Approach to library cataloging

Functional Requirements for Bibliographic Records (FRBR; /ˈfɜrbər/) is a conceptual entity–relationship model developed by the International Federation of Library Associations and Institutions (IFLA) that relates user tasks of retrieval and access in online library catalogues and bibliographic databases from a user’s perspective. It represents a more holistic approach to retrieval and access as the relationships between the entities provide links to navigate through the hierarchy of relationships. The model is significant because it is separate from specific cataloguing standards such as Anglo-American Cataloguing Rules (AACR), Resource Description and Access (RDA) and International Standard Bibliographic Description (ISBD).

==User tasks==
The ways that people can use FRBR data have been defined as follows: to find entities in a search, to identify an entity as being the correct one, to select an entity that suits the user's needs, or to obtain an entity (physical access or licensing).

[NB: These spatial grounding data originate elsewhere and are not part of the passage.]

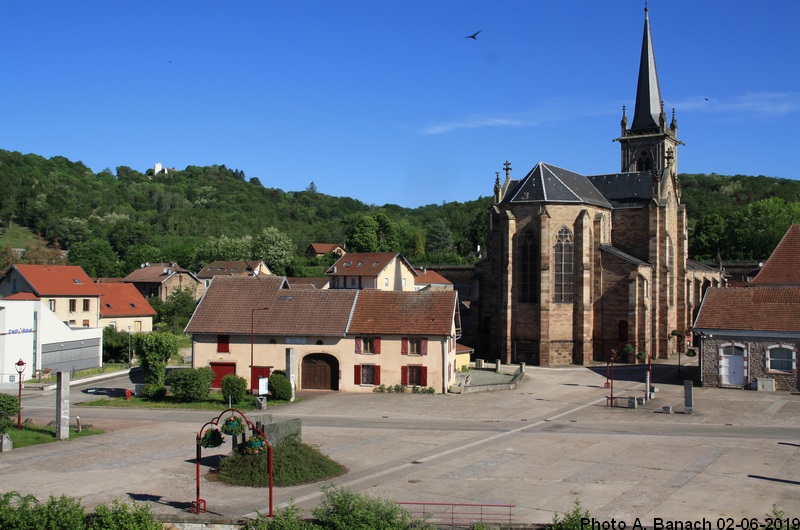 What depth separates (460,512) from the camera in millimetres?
18219

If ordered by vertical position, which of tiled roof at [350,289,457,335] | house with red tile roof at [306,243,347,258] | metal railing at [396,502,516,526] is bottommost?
metal railing at [396,502,516,526]

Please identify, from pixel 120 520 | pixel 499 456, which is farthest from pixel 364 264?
pixel 120 520

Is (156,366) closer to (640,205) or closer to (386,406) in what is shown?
(386,406)

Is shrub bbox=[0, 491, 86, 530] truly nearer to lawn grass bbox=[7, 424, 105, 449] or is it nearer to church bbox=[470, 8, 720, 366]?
lawn grass bbox=[7, 424, 105, 449]

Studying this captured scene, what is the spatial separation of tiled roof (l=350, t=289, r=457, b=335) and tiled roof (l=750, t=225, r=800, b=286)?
24046mm

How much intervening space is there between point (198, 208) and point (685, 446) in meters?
147

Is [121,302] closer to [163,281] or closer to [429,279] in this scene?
[163,281]

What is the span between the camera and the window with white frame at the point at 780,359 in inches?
1545

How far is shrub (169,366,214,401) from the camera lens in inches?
1444

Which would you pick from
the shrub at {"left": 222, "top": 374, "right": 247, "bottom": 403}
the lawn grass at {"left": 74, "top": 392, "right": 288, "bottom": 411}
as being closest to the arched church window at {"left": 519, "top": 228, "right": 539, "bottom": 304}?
the lawn grass at {"left": 74, "top": 392, "right": 288, "bottom": 411}

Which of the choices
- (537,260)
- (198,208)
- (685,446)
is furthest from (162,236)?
(685,446)

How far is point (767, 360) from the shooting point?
131ft

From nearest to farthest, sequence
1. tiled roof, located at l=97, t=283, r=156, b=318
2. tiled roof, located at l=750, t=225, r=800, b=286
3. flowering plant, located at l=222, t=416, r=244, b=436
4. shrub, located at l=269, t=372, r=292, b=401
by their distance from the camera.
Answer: flowering plant, located at l=222, t=416, r=244, b=436 < shrub, located at l=269, t=372, r=292, b=401 < tiled roof, located at l=750, t=225, r=800, b=286 < tiled roof, located at l=97, t=283, r=156, b=318

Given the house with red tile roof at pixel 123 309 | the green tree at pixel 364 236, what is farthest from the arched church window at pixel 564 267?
the green tree at pixel 364 236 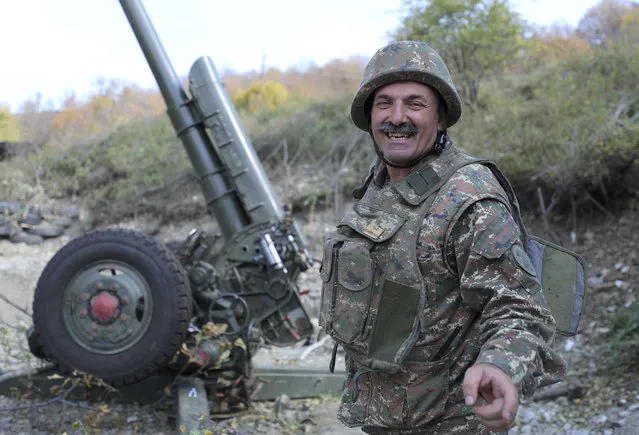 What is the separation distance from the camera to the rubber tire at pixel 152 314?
180 inches

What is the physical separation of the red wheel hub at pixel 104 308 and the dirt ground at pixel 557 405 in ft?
1.81

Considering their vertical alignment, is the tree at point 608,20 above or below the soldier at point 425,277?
above

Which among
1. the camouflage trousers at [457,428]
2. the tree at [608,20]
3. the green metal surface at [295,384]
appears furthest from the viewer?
the tree at [608,20]

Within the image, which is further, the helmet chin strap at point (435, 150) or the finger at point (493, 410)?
Result: the helmet chin strap at point (435, 150)

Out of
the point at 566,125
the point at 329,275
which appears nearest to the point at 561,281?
the point at 329,275

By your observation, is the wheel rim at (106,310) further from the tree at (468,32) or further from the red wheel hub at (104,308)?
the tree at (468,32)

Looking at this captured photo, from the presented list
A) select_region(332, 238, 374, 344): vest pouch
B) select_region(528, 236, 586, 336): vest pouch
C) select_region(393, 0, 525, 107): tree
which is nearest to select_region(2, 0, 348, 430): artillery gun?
select_region(332, 238, 374, 344): vest pouch

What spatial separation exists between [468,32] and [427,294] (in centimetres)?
928

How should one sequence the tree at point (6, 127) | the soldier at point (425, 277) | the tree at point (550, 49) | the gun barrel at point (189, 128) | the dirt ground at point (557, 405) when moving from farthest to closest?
the tree at point (550, 49), the tree at point (6, 127), the gun barrel at point (189, 128), the dirt ground at point (557, 405), the soldier at point (425, 277)

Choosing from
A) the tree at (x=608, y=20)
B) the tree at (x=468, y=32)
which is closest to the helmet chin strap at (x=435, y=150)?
the tree at (x=468, y=32)

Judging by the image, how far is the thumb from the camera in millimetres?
1564

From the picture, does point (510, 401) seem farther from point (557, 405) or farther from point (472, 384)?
point (557, 405)

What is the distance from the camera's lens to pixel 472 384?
5.20 ft

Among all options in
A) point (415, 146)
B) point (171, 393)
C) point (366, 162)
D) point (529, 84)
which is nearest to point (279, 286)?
point (171, 393) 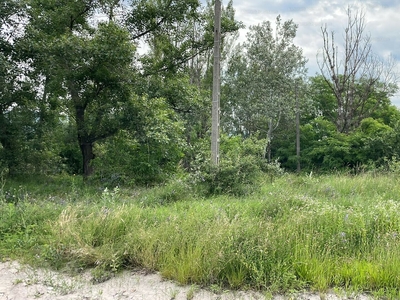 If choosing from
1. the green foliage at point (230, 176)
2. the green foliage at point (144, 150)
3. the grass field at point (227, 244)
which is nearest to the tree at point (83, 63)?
the green foliage at point (144, 150)

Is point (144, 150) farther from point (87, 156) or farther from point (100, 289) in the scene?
point (100, 289)

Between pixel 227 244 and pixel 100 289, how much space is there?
1.38 meters

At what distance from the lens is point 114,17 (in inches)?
445

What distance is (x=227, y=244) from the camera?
3268 millimetres

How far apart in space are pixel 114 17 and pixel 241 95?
47.9ft

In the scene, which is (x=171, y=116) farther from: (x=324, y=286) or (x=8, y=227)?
(x=324, y=286)

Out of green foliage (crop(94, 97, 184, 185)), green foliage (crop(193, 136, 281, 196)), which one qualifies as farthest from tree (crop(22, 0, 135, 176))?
green foliage (crop(193, 136, 281, 196))

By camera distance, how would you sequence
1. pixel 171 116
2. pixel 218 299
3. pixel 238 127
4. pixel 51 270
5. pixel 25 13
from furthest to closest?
pixel 238 127
pixel 171 116
pixel 25 13
pixel 51 270
pixel 218 299

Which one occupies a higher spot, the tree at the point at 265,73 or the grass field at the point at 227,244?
the tree at the point at 265,73

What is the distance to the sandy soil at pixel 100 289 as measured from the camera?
2879 mm

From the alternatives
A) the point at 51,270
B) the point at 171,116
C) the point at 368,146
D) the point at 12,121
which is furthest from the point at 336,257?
the point at 368,146

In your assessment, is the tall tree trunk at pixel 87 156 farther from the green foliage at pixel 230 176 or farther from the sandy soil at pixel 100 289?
the sandy soil at pixel 100 289

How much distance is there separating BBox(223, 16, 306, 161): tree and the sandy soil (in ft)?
70.3

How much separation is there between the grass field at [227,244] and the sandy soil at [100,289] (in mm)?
119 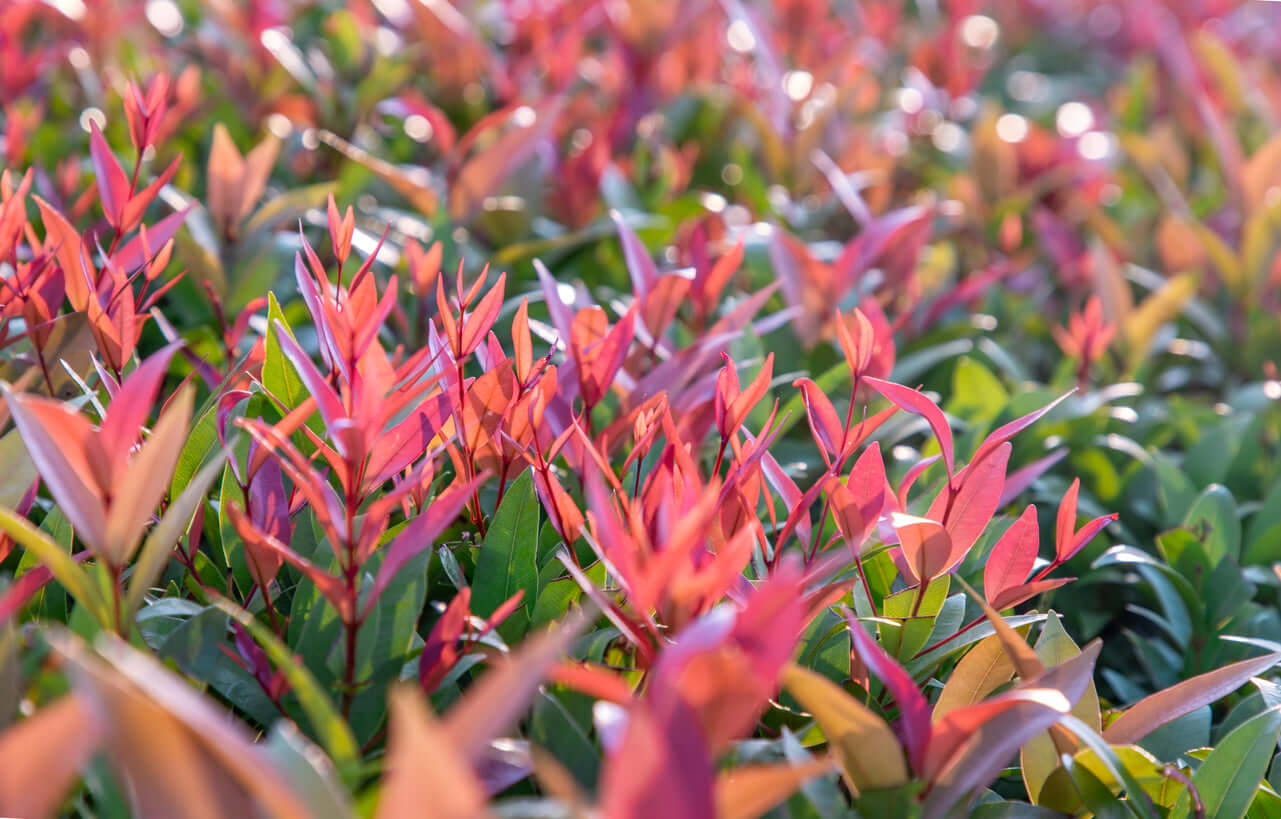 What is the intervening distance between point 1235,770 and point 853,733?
0.42 m

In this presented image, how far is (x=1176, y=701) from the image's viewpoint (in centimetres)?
102

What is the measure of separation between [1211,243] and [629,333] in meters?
1.57

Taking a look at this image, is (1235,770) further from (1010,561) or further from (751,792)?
(751,792)

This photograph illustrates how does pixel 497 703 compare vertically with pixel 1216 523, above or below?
above

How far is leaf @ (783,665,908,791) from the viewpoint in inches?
31.5

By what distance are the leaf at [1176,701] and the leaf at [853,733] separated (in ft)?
0.92

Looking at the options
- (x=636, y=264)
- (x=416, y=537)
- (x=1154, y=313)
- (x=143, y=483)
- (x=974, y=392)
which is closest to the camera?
(x=143, y=483)

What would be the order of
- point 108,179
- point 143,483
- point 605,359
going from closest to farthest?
point 143,483, point 605,359, point 108,179

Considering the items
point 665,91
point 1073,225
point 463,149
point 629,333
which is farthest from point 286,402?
point 1073,225

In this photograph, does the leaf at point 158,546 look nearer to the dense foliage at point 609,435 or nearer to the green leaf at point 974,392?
the dense foliage at point 609,435

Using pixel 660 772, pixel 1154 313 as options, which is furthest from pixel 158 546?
pixel 1154 313

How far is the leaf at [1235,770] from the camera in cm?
99

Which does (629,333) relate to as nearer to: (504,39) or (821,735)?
(821,735)

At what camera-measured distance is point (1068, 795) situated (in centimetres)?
102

FRBR comprises groups of entities:
- Group 1 entities are work, expression, manifestation, and item (WEMI). They represent the products of intellectual or artistic endeavour.
- Group 2 entities are person, family and corporate body, responsible for the custodianship of Group 1’s intellectual or artistic endeavor.
- Group 3 entities are subjects of Group 1 or Group 2’s intellectual endeavor, and include concepts, objects, events, and places.

Group 1 entities

Group 1 entities are the foundation of the FRBR model:
- Work is a "distinct intellectual or artistic creation." For example, Beethoven's Ninth Symphony, regardless of who performed it, is a work.
- Expression is "the specific intellectual or artistic form that a work takes each time it is 'realized.'" An audiobook and a text edition of a book are different expressions of the same work. For music, this covers both writing down the sheet music as well as performing it. Each draft of the score is an expression. The professionally-recorded 1996 London Philharmonic performance of Beethoven's Ninth is another expression.
- Manifestation is "the physical embodiment of an expression of a work. As an entity, manifestation represents all the physical objects that bear the same characteristics, in respect to both intellectual content and physical form." The recordings of that 1996 performance released on vinyl are one manifestation. The same performance released on CD is another manifestation.
- Item is "a single exemplar of a manifestation. The entity defined as item is a concrete entity." Each copy of the 1996 vinyl pressings is an item.

Group 1 entities are not strictly hierarchical, because entities do not always inherit properties from other entities. Despite initial positive assessments of FRBR clarifying the thoughts around the conceptual underpinnings of works, there has been later disagreement about what the Group 1 entities actually mean. The distinction between Works and Expressions is also unclear in many cases.

==Relationships==
In addition to the relationships between Group 1 and Groups 2 and 3 discussed above, there are many additional relationships covering such things as digitized editions of a work to the original text, and derivative works such as adaptations and parodies, or new texts which are critical evaluations of a pre-existing text. FRBR is built upon relationships between and among entities. "Relationships serve as the vehicle for depicting the link between one entity and another, and thus as the means of assisting the user to ‘navigate’ the universe that is represented in a bibliography, catalogue, or bibliographic database." Examples of relationship types include, but are not limited to:

===Equivalence relationships===
Equivalence relationships exist between exact copies of the same manifestation of a work or between an original item and reproductions of it, so long as the intellectual content and authorship are preserved. Examples include reproductions such as copies, issues, facsimiles and reprints, photocopies, and microfilms.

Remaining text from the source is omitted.